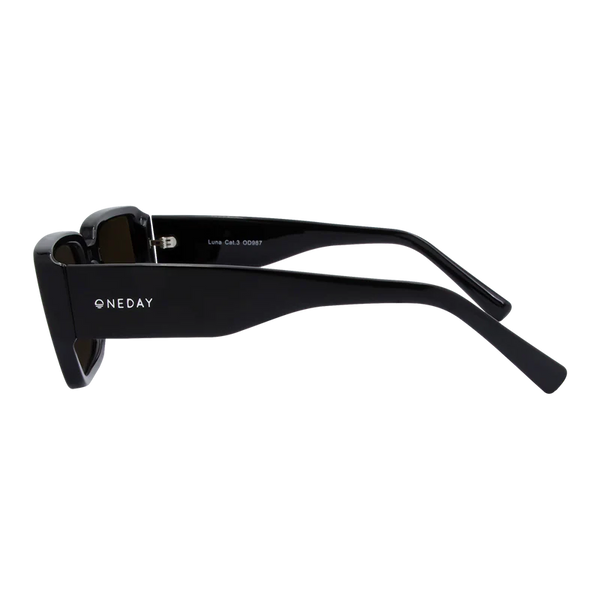 Luna Polarised Sunglasses in Black Brown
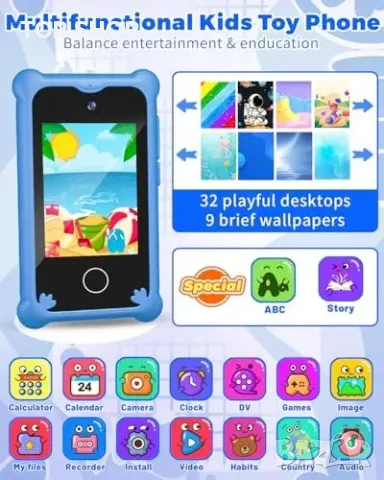 Нова Играчка телефон CKATE за деца 3-12 години с двоен фотоапарат игри, снимка 4 - Конструктори - 49509675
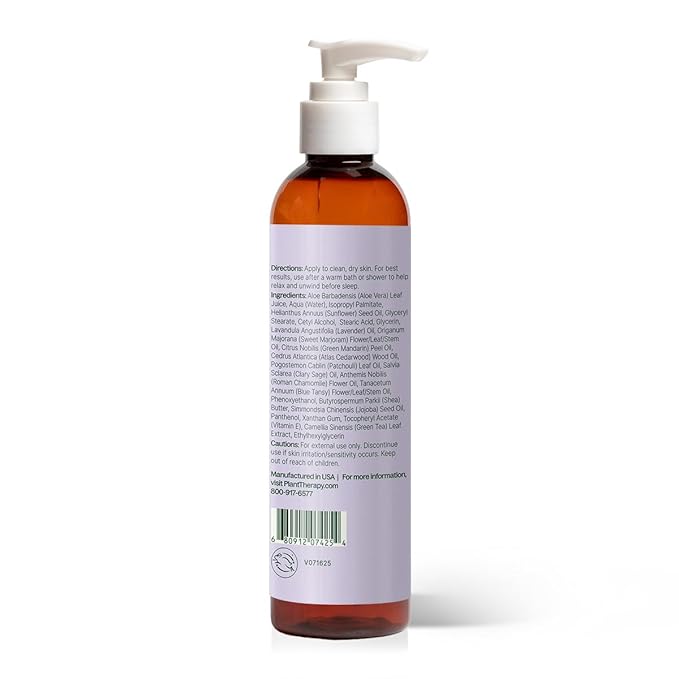 Plant Therapy Kids Nighty Night Lotion 8 oz Helps Promote Restful Sleep, Softens & Soothes Skin, Perfect for Nighttime Wind-Down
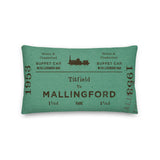 Tickets Please! Titfield to Mallingford cushion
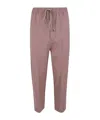 Rick Owens Pressed-crease Cropped Trousers In Brown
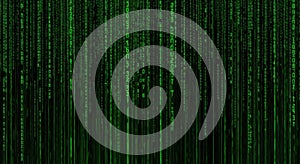 Abstract digital art green vertical lines and glitches effect background wallpaper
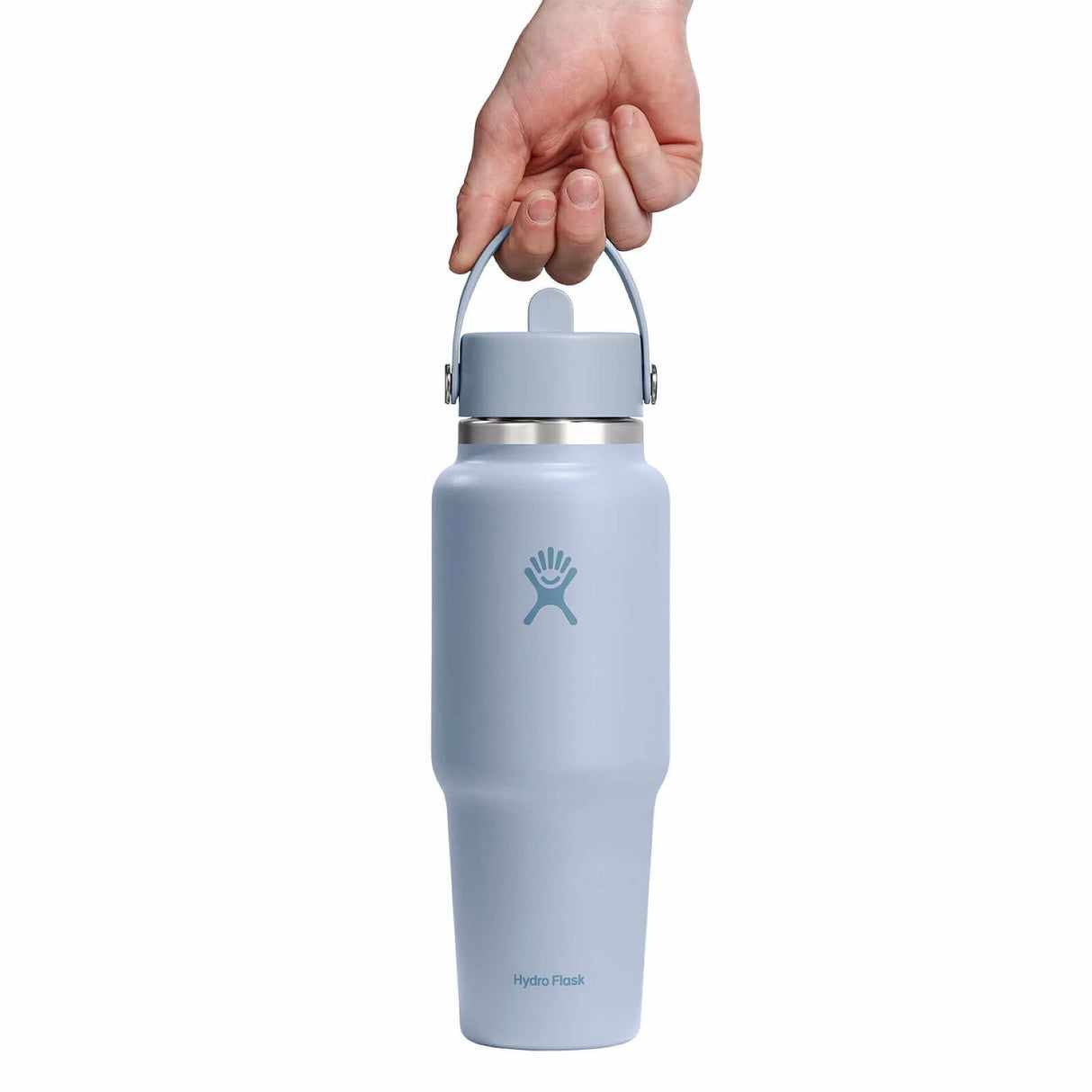 Hydro Flask Wide Mouth 32oz Travel Bottle with Straw Cap, 946ml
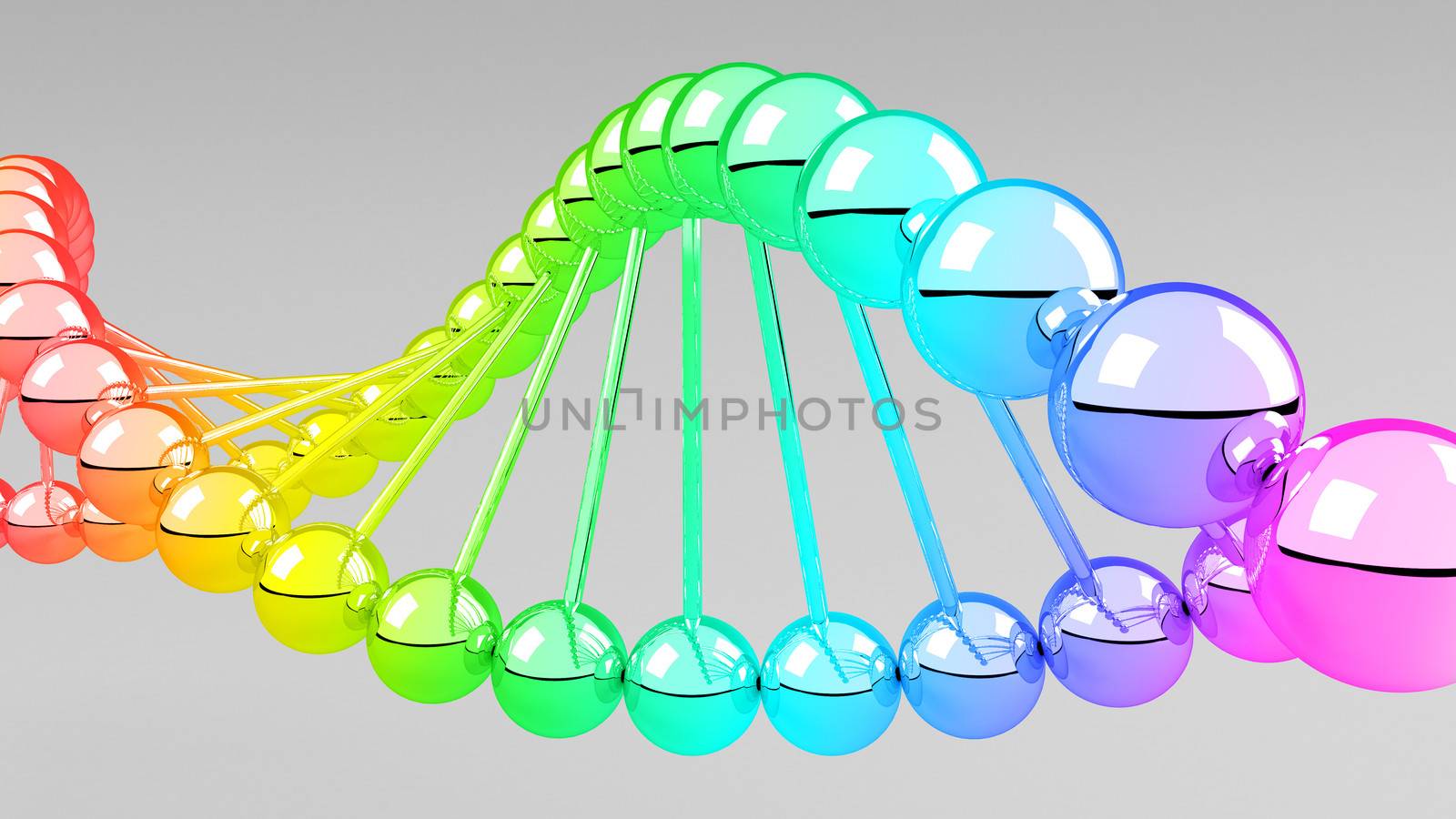 Digital illustration of dna structure in 3d.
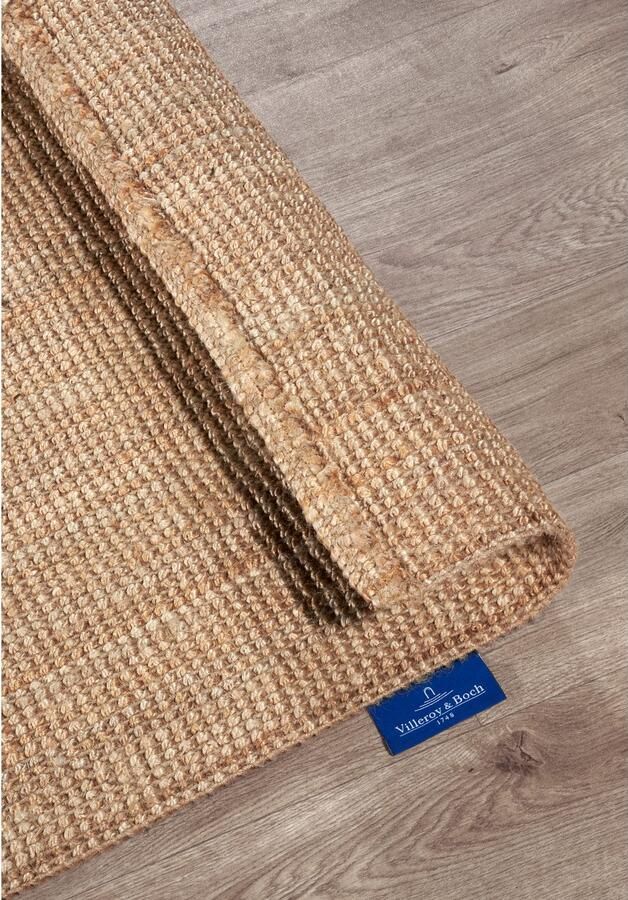 Villeroy & Boch Vloerkleed Rosalie jute tapijt Loper 100% jute natuurlijk woonkamer eetkamer slaapkamer GRS - Foto 6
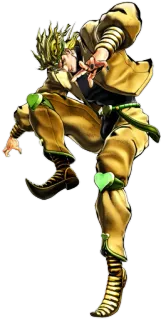 💪 DIO JoJo's Bizarre Adventure DIO, โจโจ้ ล่าข้ามศตวรรษ, อนิเมะ, มังงะ, ท่าโพส, ตัวร้าย, ตัวละคร telegram sticker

....................

=== PROMPT ===
Drop the images and quote the entries word for word.

=== SOLUTION ===
 Luna Polarised Sunglasses in Black Brown
 Нова Играчка телефон CKATE за деца 3-12 години с двоен фотоапарат игри, снимка 4 - Конструктори - 49509675
 Plant Therapy Kids Nighty Night Lotion 8 oz Helps Promote Restful Sleep, Softens & Soothes Skin, Perfect for Nighttime Wind-Down
 Tickets Please! Titfield to Mallingford cushion
 Rick Owens Pressed-crease Cropped Trousers In Brown
 Abstract digital art green vertical lines and glitches effect background wallpaper
 Hydro Flask Wide Mouth 32oz Travel Bottle with Straw Cap, 946ml
 Digital illustration of dna structure in 3d.
 Villeroy & Boch Vloerkleed Rosalie jute tapijt Loper 100% jute natuurlijk woonkamer eetkamer slaapkamer GRS - Foto 6
 💪 DIO JoJo's Bizarre Adventure DIO, โจโจ้ ล่าข้ามศตวรรษ, อนิเมะ, มังงะ, ท่าโพส, ตัวร้าย, ตัวละคร telegram sticker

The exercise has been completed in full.